__Problem description__
Below is a block of records. Copy every line in it that contains the word "butterfly".

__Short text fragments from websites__
* * * * * * * * *

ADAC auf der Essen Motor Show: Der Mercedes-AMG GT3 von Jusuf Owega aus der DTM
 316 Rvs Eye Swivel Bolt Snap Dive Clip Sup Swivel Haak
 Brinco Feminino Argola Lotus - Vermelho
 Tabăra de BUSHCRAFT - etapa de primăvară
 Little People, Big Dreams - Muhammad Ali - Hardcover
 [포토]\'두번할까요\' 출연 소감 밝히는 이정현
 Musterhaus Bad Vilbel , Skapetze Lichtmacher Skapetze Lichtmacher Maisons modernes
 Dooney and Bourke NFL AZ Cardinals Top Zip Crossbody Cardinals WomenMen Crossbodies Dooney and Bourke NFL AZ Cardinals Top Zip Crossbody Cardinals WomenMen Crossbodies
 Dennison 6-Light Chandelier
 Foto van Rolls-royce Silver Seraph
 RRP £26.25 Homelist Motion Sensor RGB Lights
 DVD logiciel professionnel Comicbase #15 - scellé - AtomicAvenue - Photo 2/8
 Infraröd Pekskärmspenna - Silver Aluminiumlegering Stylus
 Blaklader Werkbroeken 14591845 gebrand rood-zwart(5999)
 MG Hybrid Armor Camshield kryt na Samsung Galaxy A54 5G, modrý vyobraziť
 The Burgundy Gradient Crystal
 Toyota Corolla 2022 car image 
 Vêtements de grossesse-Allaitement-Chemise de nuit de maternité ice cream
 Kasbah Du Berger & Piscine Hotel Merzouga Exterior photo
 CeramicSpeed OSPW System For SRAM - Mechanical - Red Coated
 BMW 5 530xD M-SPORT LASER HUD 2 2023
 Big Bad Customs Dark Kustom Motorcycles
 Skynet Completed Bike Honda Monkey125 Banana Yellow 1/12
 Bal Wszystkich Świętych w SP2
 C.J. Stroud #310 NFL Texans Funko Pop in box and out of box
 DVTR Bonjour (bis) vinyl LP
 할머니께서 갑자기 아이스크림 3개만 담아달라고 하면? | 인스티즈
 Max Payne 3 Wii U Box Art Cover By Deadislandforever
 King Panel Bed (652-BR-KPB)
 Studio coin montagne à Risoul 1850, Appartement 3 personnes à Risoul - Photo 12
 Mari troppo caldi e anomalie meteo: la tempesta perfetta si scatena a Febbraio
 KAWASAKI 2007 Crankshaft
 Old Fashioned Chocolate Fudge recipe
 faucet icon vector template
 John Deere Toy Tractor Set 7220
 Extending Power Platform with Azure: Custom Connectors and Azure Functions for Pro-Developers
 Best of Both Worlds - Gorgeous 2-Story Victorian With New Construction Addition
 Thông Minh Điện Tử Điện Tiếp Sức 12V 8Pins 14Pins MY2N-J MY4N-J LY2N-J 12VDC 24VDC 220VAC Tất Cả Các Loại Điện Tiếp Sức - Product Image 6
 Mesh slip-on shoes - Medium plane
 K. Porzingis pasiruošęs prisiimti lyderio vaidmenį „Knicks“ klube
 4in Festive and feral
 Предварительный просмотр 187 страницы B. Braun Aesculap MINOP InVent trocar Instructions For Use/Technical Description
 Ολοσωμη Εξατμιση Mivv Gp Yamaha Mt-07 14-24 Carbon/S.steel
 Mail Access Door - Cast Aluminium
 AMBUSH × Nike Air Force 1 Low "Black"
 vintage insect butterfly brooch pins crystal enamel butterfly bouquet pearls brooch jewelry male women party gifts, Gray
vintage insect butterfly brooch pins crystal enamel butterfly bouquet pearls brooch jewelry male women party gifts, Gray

* * * * * * * * *

__Completed exercise__
 vintage insect butterfly brooch pins crystal enamel butterfly bouquet pearls brooch jewelry male women party gifts, Gray
vintage insect butterfly brooch pins crystal enamel butterfly bouquet pearls brooch jewelry male women party gifts, Gray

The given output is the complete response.